Data extract Block Start

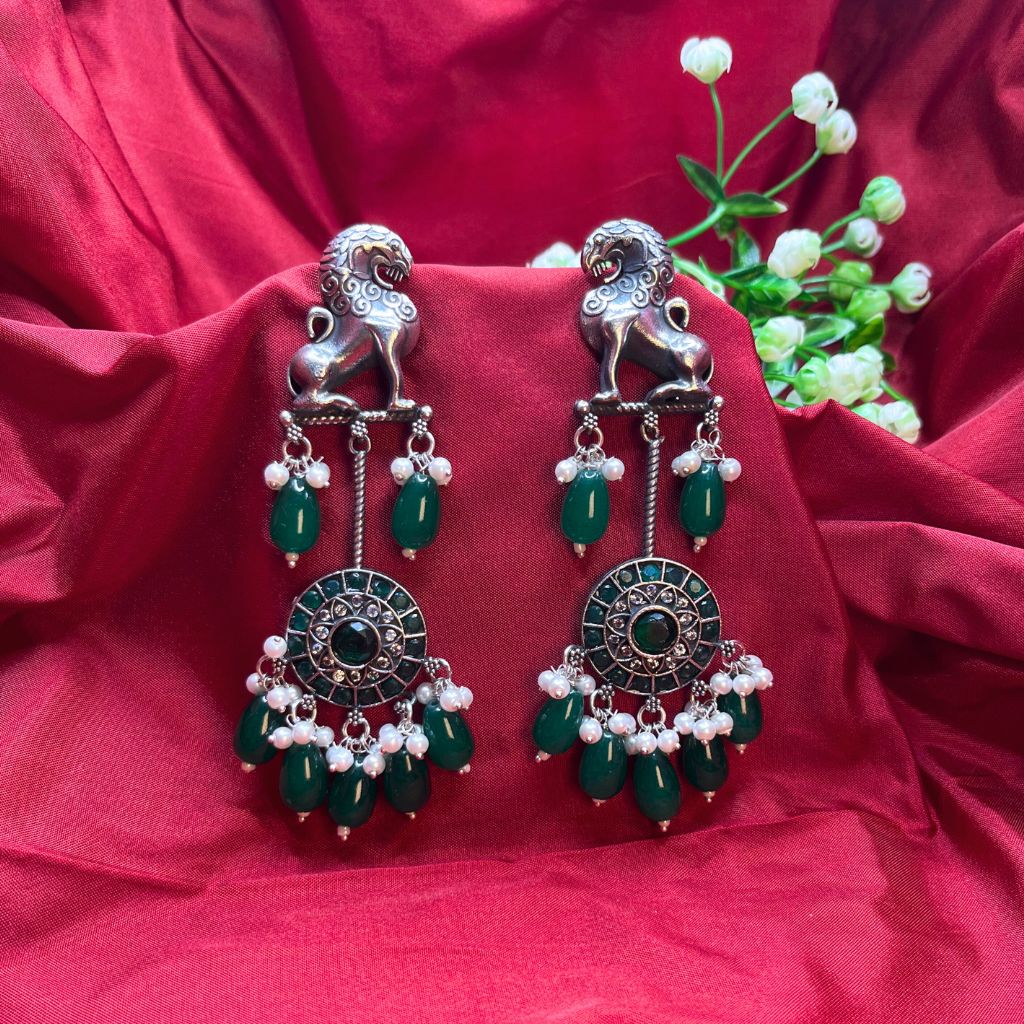 Green oxidised online earrings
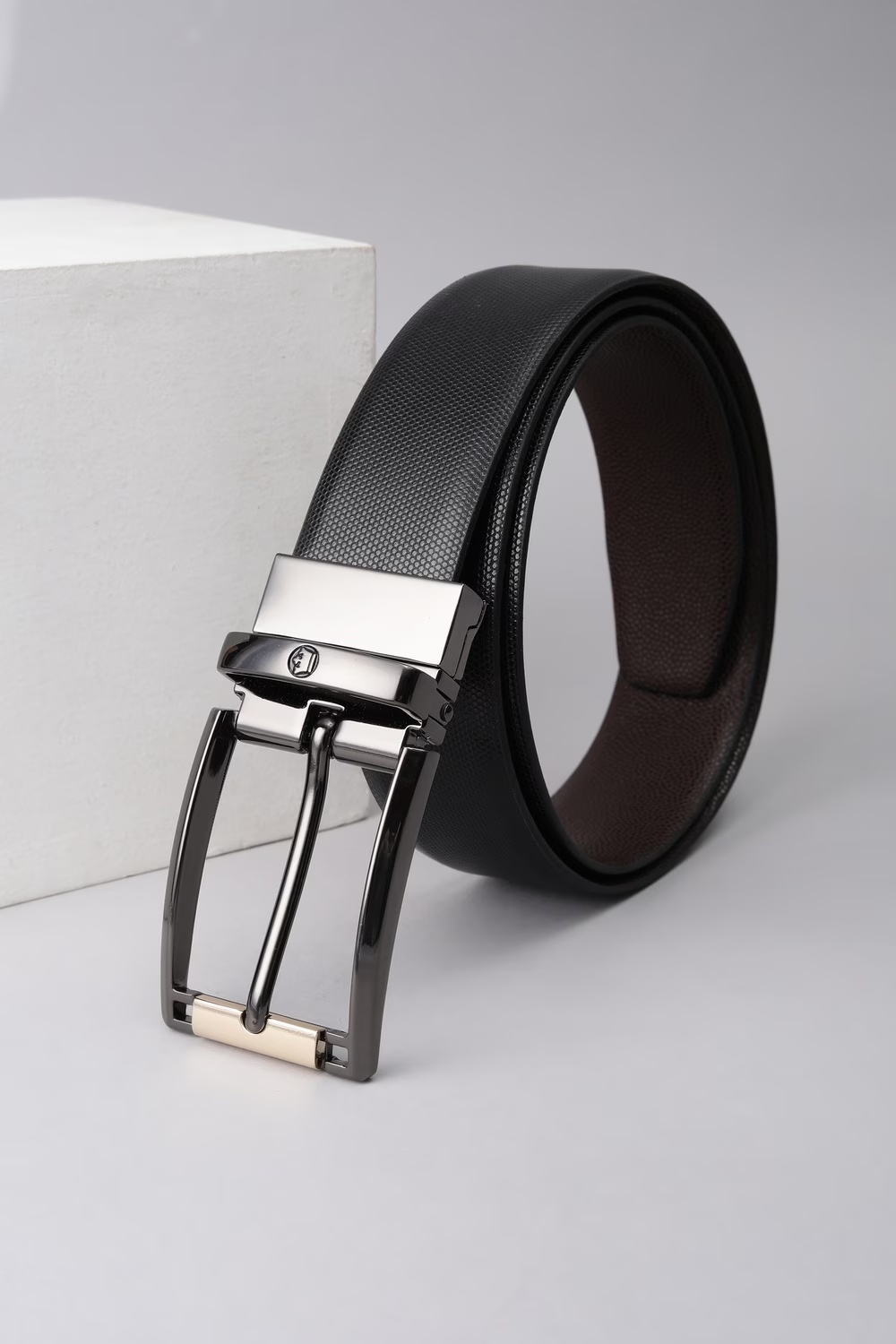 Men Black Textured 100% Polyester Formal Belt-Black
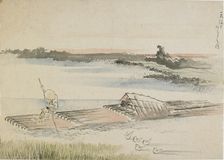 Landscape: boatman poling his raft, late 18th-early 19th century. Creator: Hokusai
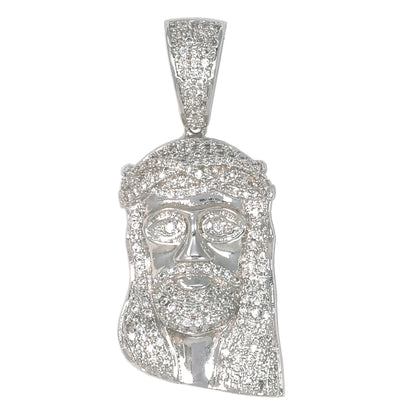 Medium Jesus Cubic Zirconia Pendant - BCH-1017*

Data extract Block End

* Activity: Leave out the pictures and copy the rest of the material above exactly.

* Solution for this exercise:
 Green oxidised online earrings
 Men Black Textured 100% Polyester Formal Belt-Black
 Landscape: boatman poling his raft, late 18th-early 19th century. Creator: Hokusai
 Medium Jesus Cubic Zirconia Pendant - BCH-1017*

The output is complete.